Four candidates are seeking three seats on the Waupaca School Board.
On the April 3 ballot will be incumbents Betty Manion, Sandra Robinson and Steve Shambeau and first-time candidate Don Writt.
This is the first in a County Post two-part series on the local school board election.
A Chicago native, Manion earned a bachelor’s degree in natural sciences from St. Norbert’s College in De Pere in 1974 and a master’s degree in theological studies from St. Norbert College in 1999.
For the past 19 years, Manion has worked as the director of religious education at St. Mary Magdalene Catholic Community. She is also a popular storyteller who has entertained audiences at libraries, schools, churches and conferences throughout the nation.
Manion was first elected to the Waupaca School Board nine years ago. Over that time, she has seen improved relations among board members, the administration and the teaching staff.

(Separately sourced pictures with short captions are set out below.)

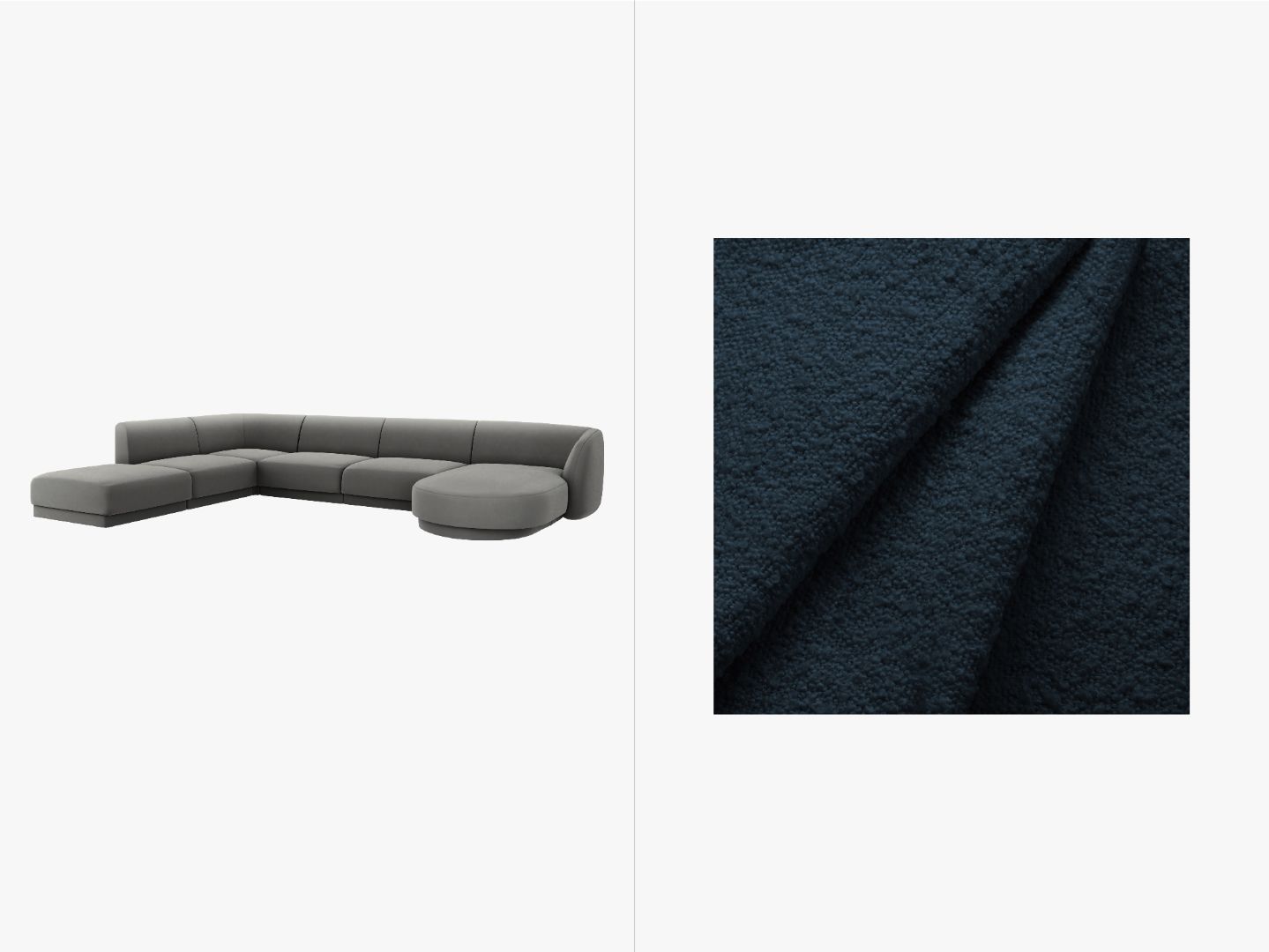 Ecksofa Miley Panoramic, 330x255cm, Material: Boucle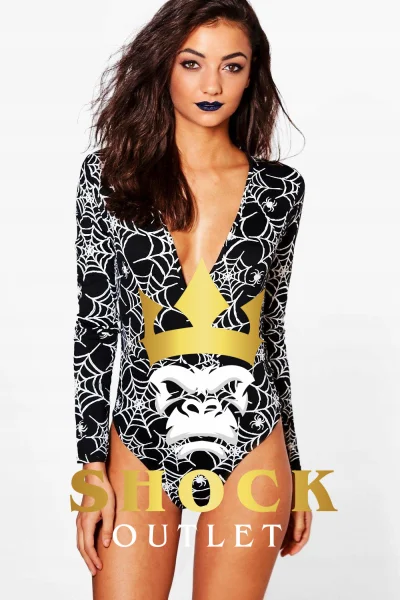 C8B201 CZARNE BODY W PAJĘCZYNY HALLOWEEN BOOHOO S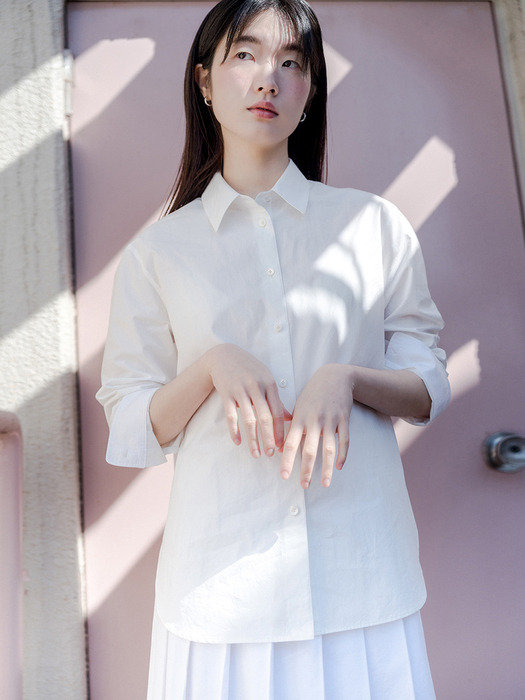 POPLIN COMBI SHIRT_OFF WHITE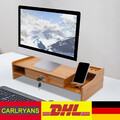 Monitorständer Schreibtischaufsatz Holz Bildschirm Monitorerhöhung Mit Schublade
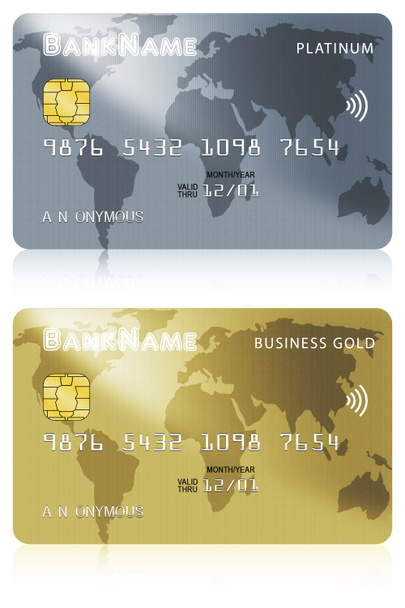 Duas ilustrações de cartão de crédito ou débito de platina e versões de ouro de negócios isoladas sobre fundo branco
. - Foto, Imagem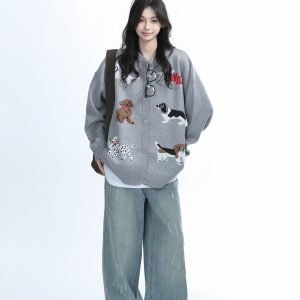 Knitted Cardigan with Retro Cartoon Dog Embroidery for Women - Lazy Style American Vintage Fashion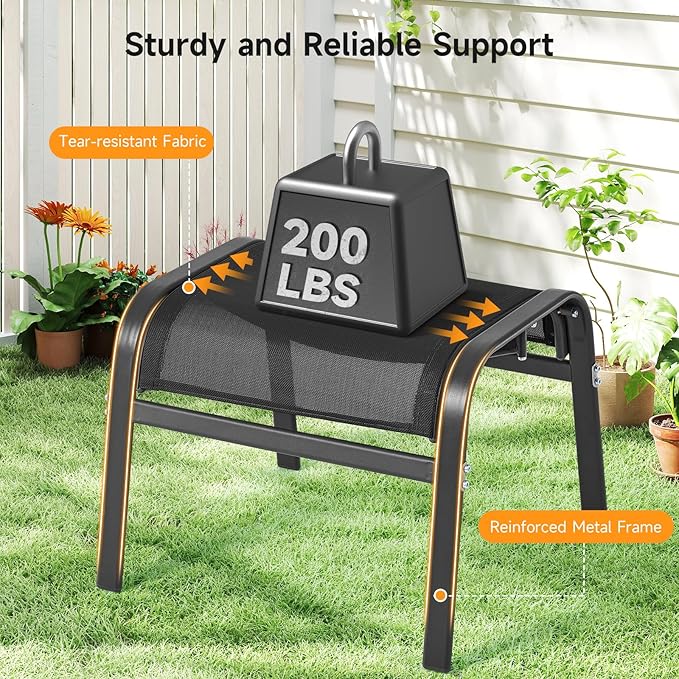 ONBRILL Outdoor Ottoman Foot Rest Set of 2, Textilene Fabric Outdoor Footstool with Tight Surface and Stable Metal Frame, Wide Use Outdoor Ottomans for Patio, Balcony, Poolside and Indoors, Black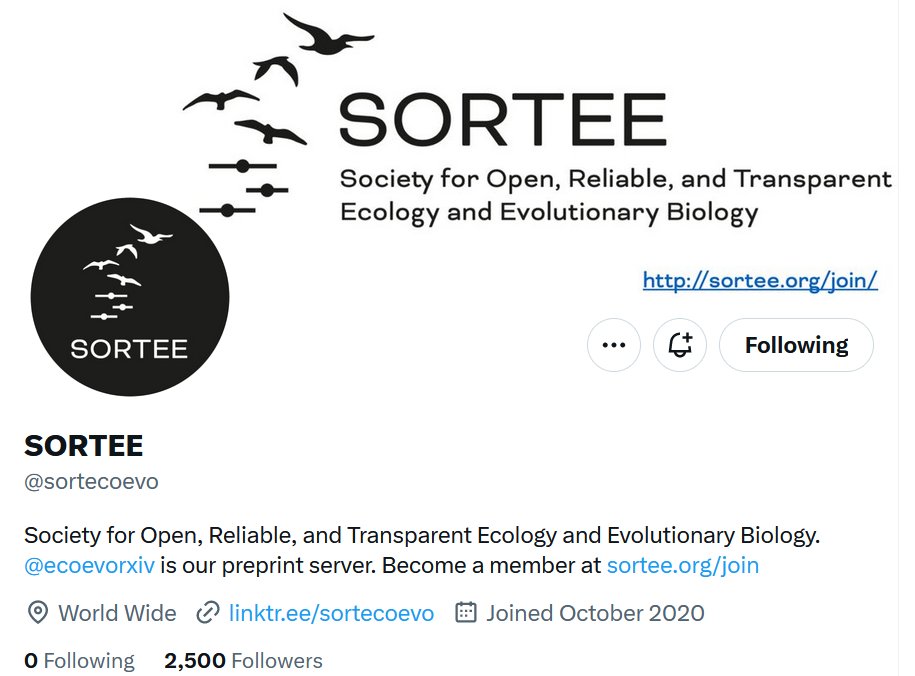 @sortecoevo hits 2500 followers! Join them to learn about open, reliable, and transparent science in ecology, evolutionary bio, and related disciplines.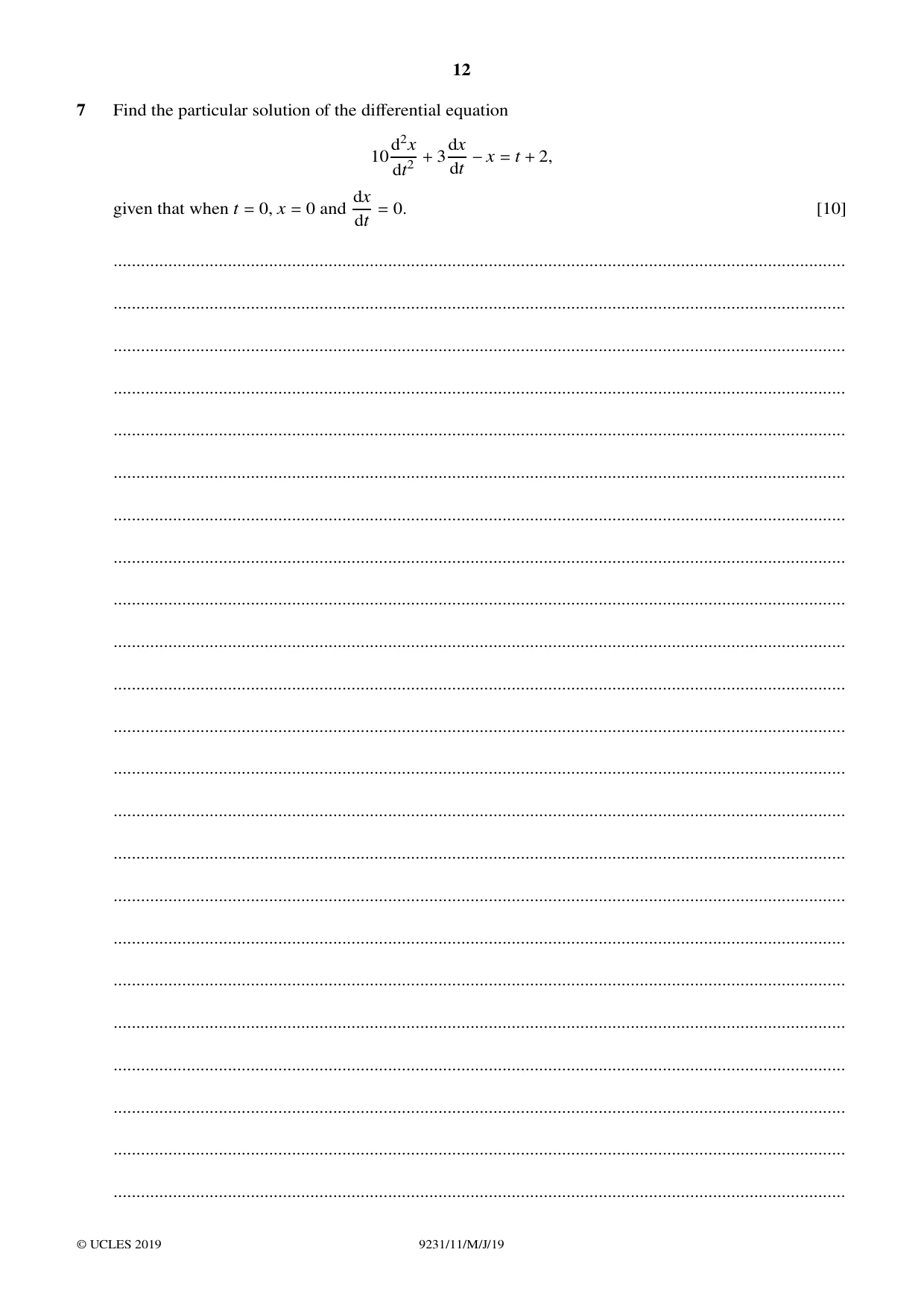 Cambridge A Level Mathematics - Further 9231 2019 May/June Paper 1 · Variant 1 question paper, page 12 of 28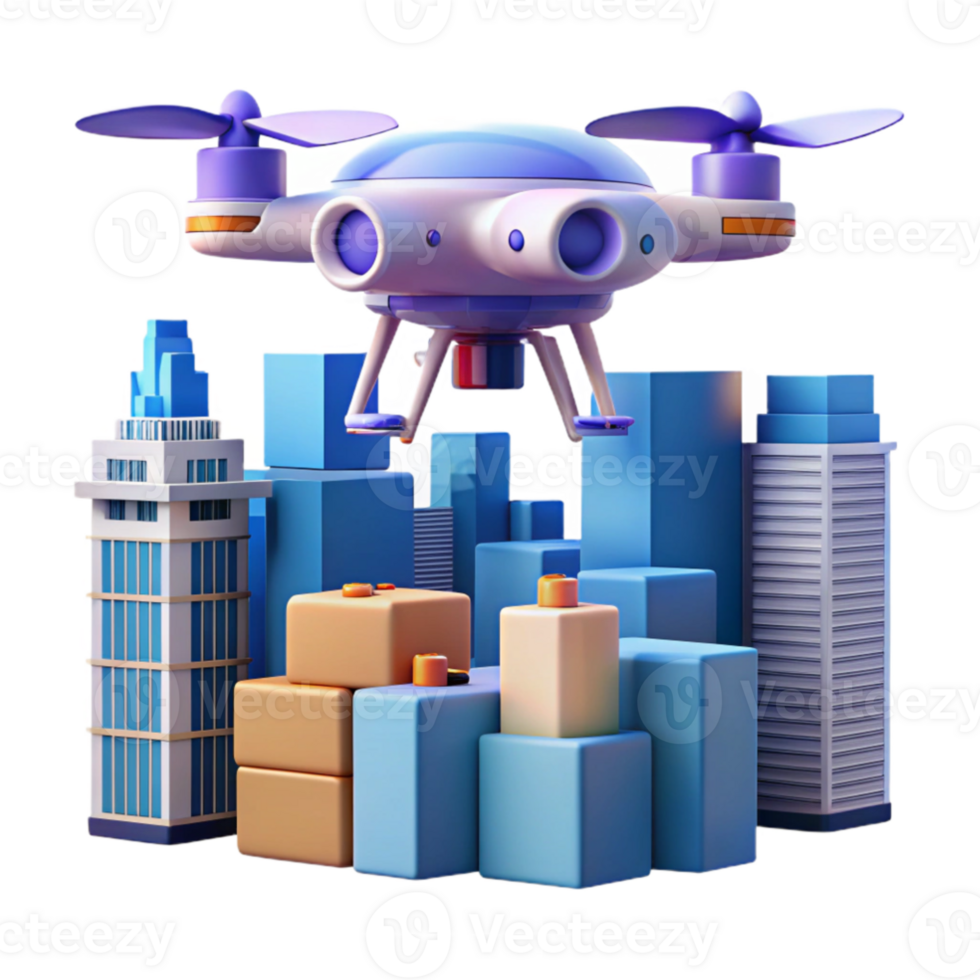 wonderful minimalist stunning creative A drone delivering a package in a dense urban environment, futuristic architecture, fast motion blur, cyberpunk style premium high quality png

“There is more of a collaborative culture within the district now,” Manion said. “The relationship between the teachers and the administration has been very open and respectful.”
Since her election to the school board, Manion had a role in starting the practice of school board members visiting all the local schools each year.
“All the school board members visit every school at least once a year,” Manion said. “We walk through the buildings and visit the classrooms. I think it’s good for the teachers and the students to see us there and good for us to actually visit the schools.”
Manion believes the trust that has developed among the board members, teachers and administration is helping them work together as the district tries to cope with declining state funds and changes in state law.
“I think the current members all bring various talents and gifts to the school board,” Manion said. “We work well together, and we work well with the staff.”
A 1972 graduate of the University of Wisconsin-Stevens Point, Robinson has a bachelor’s degree in education.
She spent 11 years working in museums and the past 25 years working with the U.S. Curling Association, a non-profit organization based in Stevens Point.
In addition to serving 19 years on the Waupaca School Board, Robinson has also served on the CESA 5 Board of Control, on several committees for the Wisconsin Association of School Boards, as well as a member of the state Department of Public Instruction Committee of PI34 (professional licensure) trainers.
As a school board member, Robinson has held the office of president, vice president and clerk. She has chaired several board committees and volunteered as a judge in school creative problem-solving competitions and FFA speaking contests.
“I consider my most important contribution to the school board to be fairness,” Robinson said. “I have served on the board’s Personnel and Negotiations Committee since 1993, and for most of these years have been the committee’s chair. Whether negotiating contracts, hearing grievances or considering staff layoffs, I have worked hard to make fair and reasoned decisions.”
Robinson noted that recent changes in Wisconsin labor law required the board to change how it does business with employees.
“Fairness is key to developing solutions that will be productive and sustainable. A prime example is that the district must make the transition to using policy and employee handbooks to cover what had been included in contracts with employee groups,” Robinson said. “During years of contract negotiations, the board worked with employee groups to strike a fair balance between the sometimes competing needs of our constituents and district for quality and affordability.”
Robinson said the board is now taking a “steady as she goes” approach to the task of developing an employee handbook.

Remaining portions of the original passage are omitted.